Sağlığa faydası saymakla bitmeyen Keçiboynuzu, 30 milyon TL kazandırdı
Orman Genel Müdürlüğü'nün envanter ve kullanma planlarımıza göre Türkiye ormanlarında 14.500 hektar sahasında 3.250 ton kullanılabilir keçiboynuzu bulunuyor. Yüzde 70'i yabani ağaçlardan elde edilen keçiboynuzunun yıllık üretim miktarı TUİK üzerine 16 bin ton. Antalya, Mersin, Adana ve Isparta kontür yoğun olarak gösterilen keçiboynuzu kayalık, kıraç, kuru ve en verimsiz topraklarda, hatta kumullarda bile yetişebilen kanaatkar bir bitki türü. Ayrıca keçiboynuzu anti erozyon sahalarında ve yangın koruma yoğun olarak kullanıyor. Az kalorili, yüksek proteinli, vitamin, demir, potasyum, kalsiyum ve magnezyum zengini olan keçiboynuzu meyveleri, Mayıs ayının başlarında büyümeye başlayarak, Haziran- Temmuz'da olgunlaşıyor. İlk olarak yeşil renk olan meyveler olgunlaştıktan sonra kahverengiye dönüyor. Meyvelerin hasat işlemi ise Ağustos-Eylül tam olgunluğa ermesi ile başlayıp, Kasım-Aralık ayına kadar devam ediyor.

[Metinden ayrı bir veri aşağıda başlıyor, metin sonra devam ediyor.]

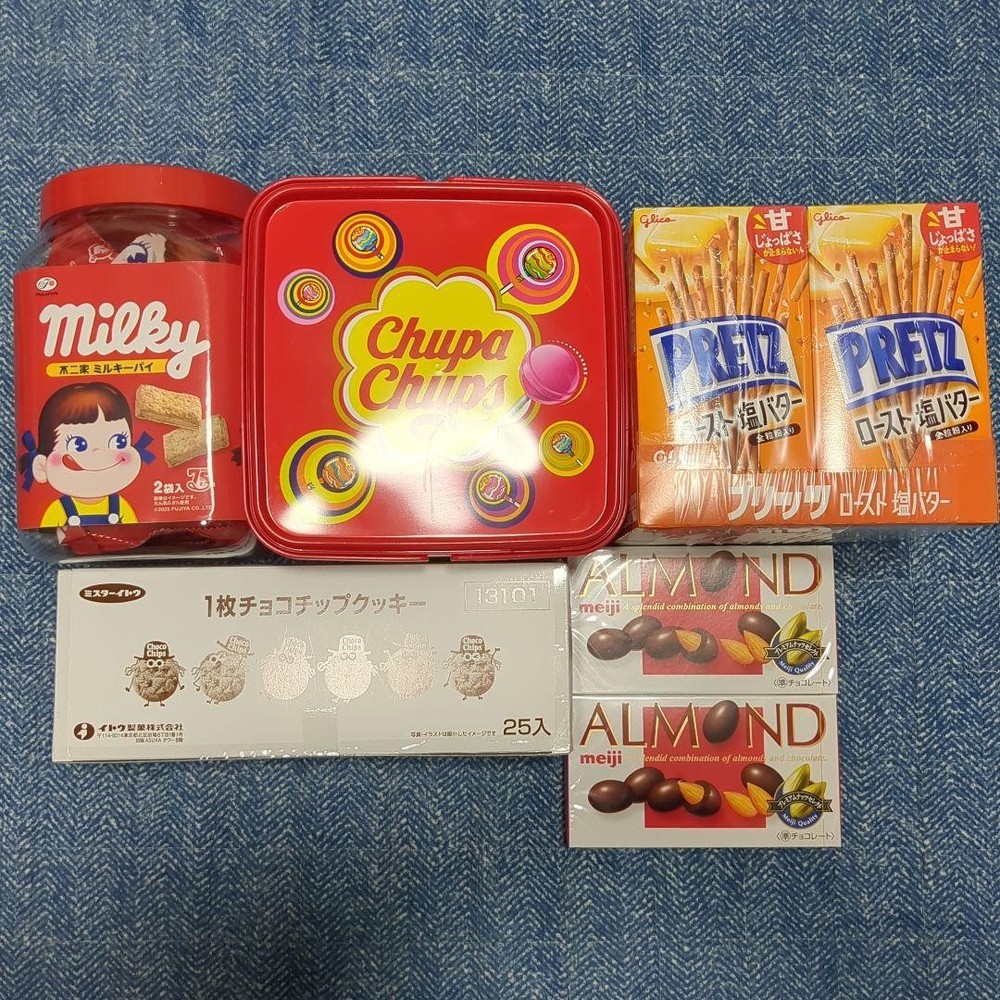 Amusement candy 5 types assortment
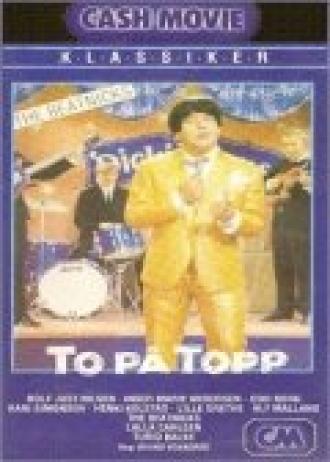 To på topp (фильм 1965)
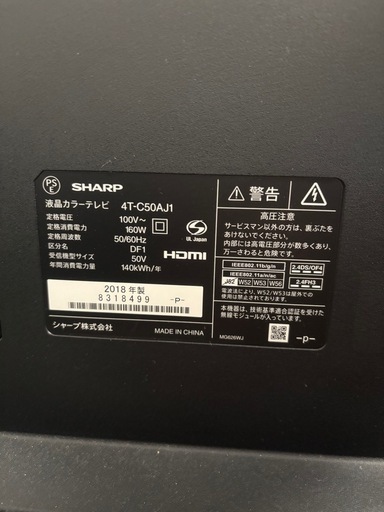 液晶テレビ　50インチ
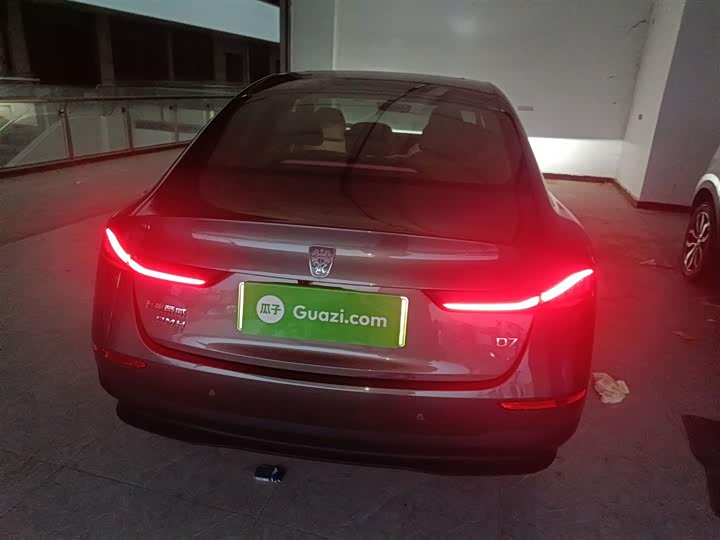 Roewe D7 2023 2023款 DMH 125km 卓越版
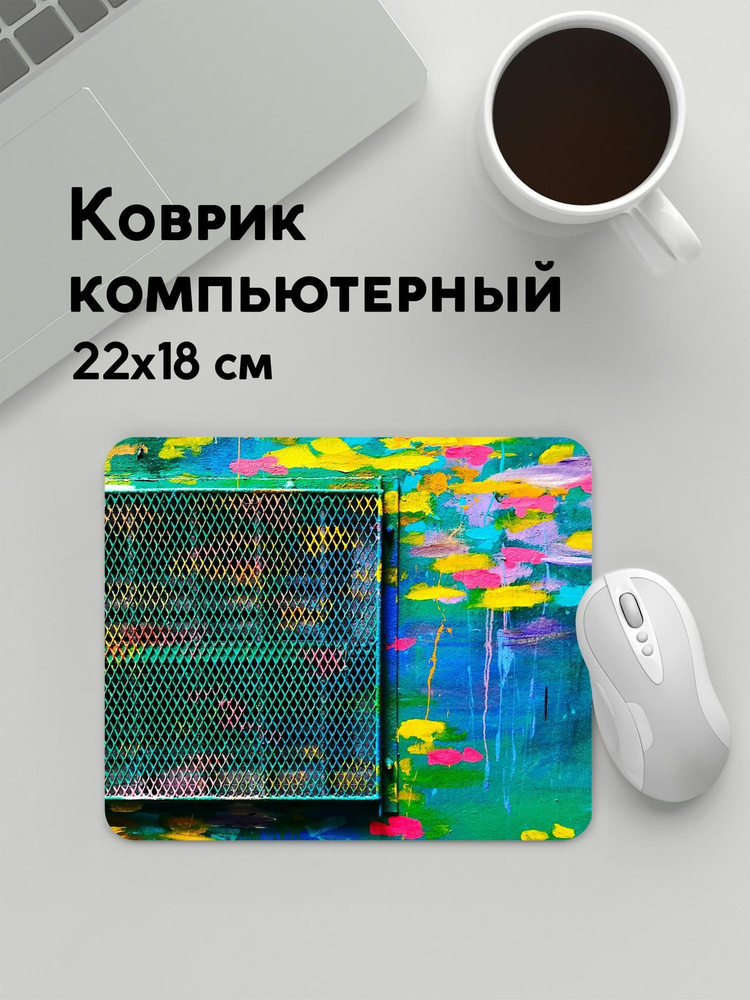 PANiN Коврик для мыши MousePad22x18WC_WC187584, бирюзовый, черный матовый  #1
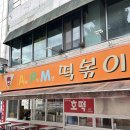[청주 맛집] 청주 성안길 맛집 / 에이피엠 떡볶이(APM 떡볶이) / 청주 밀떡볶이 맛집 내돈내산 방문 후기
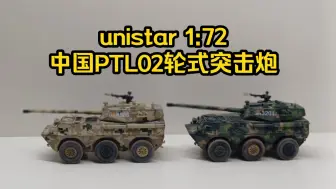 Download Video: unistar 1:72中国PTL02轮式突击炮丛林数码和沙漠数码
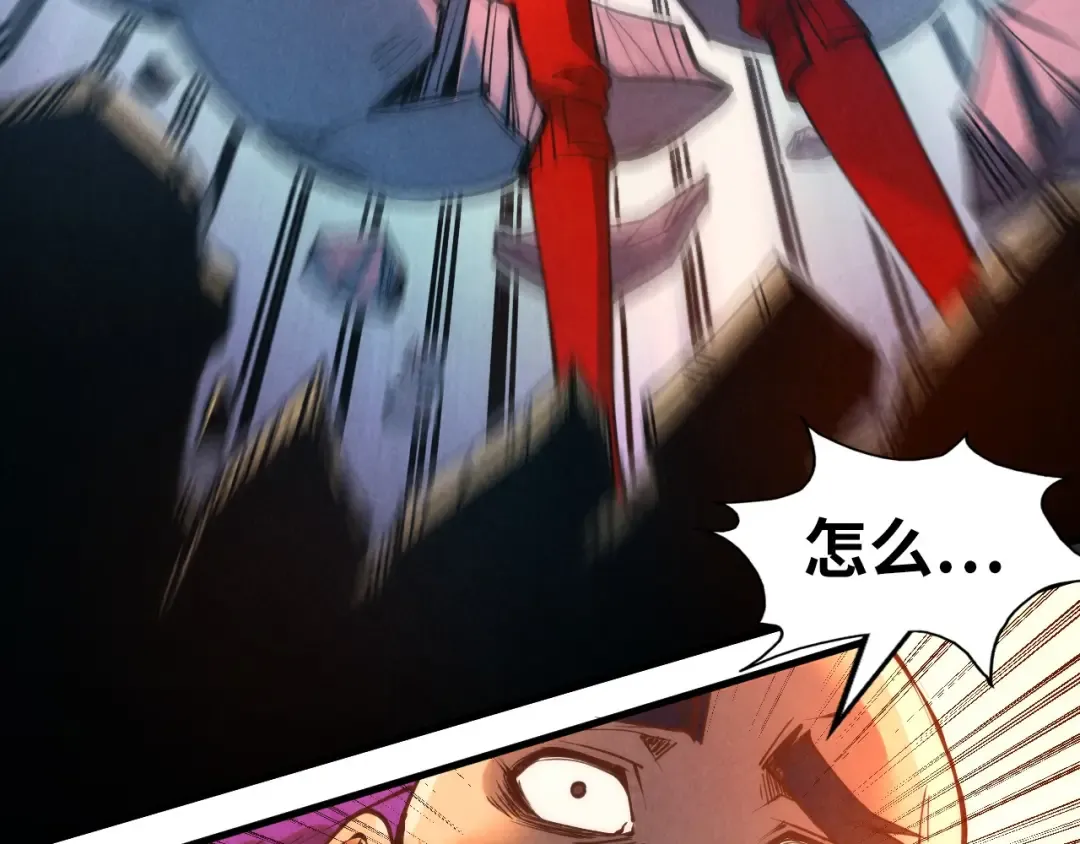 第195话 至强霸体 第86页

KEÇİBOYNUZUNUN FAYDALARI SAYMAKLA BİTMİYOR
Keçiboynuzu, doğal bir antioksidan kaynağı. Bu özelliği ile vücut direncini artırıyor, vücudu hastalıklardan koruyor. Zehirli astım ve bronşit hastalıklarına karşı çok etkili. Zengin mineral ve vitamin içeriği ile enfeksiyonlara karşı koruma sağlar. Lifli yapısı sayesinde kalp ve damar sağlığı için çok faydalı. Kötü kolesterol seviyelerini düşüren keçiboynuzu, tansiyon, felç, damar tıkanıklığı gibi hastalıkları önlemede büyük rol oynuyor. Yerken şekerli bir tat veren keçiboynuzunun şeker oranı aslında düşüktür. Keçiboynuzu bu özelliği ile kan şekerinin yükselmesini önlüyor ve diyabet hastaları için oldukça yüksek bir besin oluyor. Keçiboynuzu, bağırsak hareketlerini destekliyor, sindirime yardımcı oluyor. Hasarlı oyunları yeniliyor, yaşlılık belirtilerini geciktiriyor. Zengin mineralli yapısıyla ağız sağlığına da etki ediyor. Dişleri ve diş etlerini koruyor.